Oklahoma County District Judge
- In office September 18, 1956 – 1965
- Appointed by: Raymond Gary
- Preceded by: W. A. Carlile
- Succeeded by: Jack R. Parr

Member of the Oklahoma House of Representatives from the Oklahoma County district
- In office November 1948 – November 1952
- Preceded by: Paul Washington
- Succeeded by: G. M. Fuller

Personal details
- Born: March 15, 1918 Pauls Valley, Oklahoma, U.S.
- Died: January 16, 1975 (aged 56) Acapulco, Mexico
- Parent: William Robert Wallace (father);
- Education: Oklahoma Baptist University; Baylor University; University of Oklahoma College of Law;

= William Robert Wallace Jr. =

American judge and politician (1918–1975)

William Robert Wallace Jr. was an American politician who served in the Oklahoma House of Representatives representing Oklahoma County from 1948 to 1952.

==Biography==
William Robert Wallace Jr. was born in Pauls Valley, Oklahoma, the son of William Robert Wallace. He attended Oklahoma Baptist University, graduated from Baylor University, and graduated from the University of Oklahoma College of Law in 1941. He worked for the FBI from 1942 to 1946 before returning to Oklahoma City.

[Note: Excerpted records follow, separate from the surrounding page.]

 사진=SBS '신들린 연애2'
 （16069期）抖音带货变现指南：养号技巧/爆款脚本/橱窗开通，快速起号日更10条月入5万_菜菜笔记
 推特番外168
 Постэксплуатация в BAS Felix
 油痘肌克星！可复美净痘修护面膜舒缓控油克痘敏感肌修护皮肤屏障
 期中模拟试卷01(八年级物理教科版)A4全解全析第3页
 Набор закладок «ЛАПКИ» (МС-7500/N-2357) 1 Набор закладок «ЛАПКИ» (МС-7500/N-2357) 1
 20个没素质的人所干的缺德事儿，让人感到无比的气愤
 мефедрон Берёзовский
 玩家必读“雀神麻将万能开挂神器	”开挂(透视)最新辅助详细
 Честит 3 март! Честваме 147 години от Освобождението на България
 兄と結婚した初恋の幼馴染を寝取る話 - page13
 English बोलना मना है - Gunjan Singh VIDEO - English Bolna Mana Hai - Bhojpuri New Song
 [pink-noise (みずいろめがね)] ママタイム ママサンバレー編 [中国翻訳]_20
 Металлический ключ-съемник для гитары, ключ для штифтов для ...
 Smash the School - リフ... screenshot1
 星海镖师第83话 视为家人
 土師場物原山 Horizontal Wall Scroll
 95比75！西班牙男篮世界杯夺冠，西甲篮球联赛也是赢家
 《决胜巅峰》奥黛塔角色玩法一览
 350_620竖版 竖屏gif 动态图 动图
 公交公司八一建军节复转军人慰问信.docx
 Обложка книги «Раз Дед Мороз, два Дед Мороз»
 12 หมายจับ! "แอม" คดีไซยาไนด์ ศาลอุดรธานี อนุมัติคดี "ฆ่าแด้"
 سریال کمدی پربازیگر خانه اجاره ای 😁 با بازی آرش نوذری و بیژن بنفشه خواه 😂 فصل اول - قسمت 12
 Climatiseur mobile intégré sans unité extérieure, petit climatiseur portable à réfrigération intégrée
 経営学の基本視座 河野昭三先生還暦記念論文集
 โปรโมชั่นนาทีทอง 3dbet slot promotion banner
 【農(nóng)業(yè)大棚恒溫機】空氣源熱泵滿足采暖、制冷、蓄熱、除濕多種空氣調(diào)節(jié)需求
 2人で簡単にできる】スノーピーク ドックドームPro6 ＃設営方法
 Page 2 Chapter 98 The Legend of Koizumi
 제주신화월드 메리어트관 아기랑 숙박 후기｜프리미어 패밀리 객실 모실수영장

Wallace served in the Oklahoma House of Representatives as a member of the Democratic Party representing Oklahoma County from 1948 to 1952. He was preceded in office by Paul Washington and succeeded in office by G. M. Fuller. He served in the United States Army from March 1951 to May 1952 during the Korean War. He was appointed as a district judge by Governor Raymond Gary on September 18, 1956, and served in office until his resignation in 1965. He worked as an adjunct professor for Oklahoma City University from 1959 to 1965. He died on January 16, 1975, in Acapulco, Mexico of a heart attack while on vacation.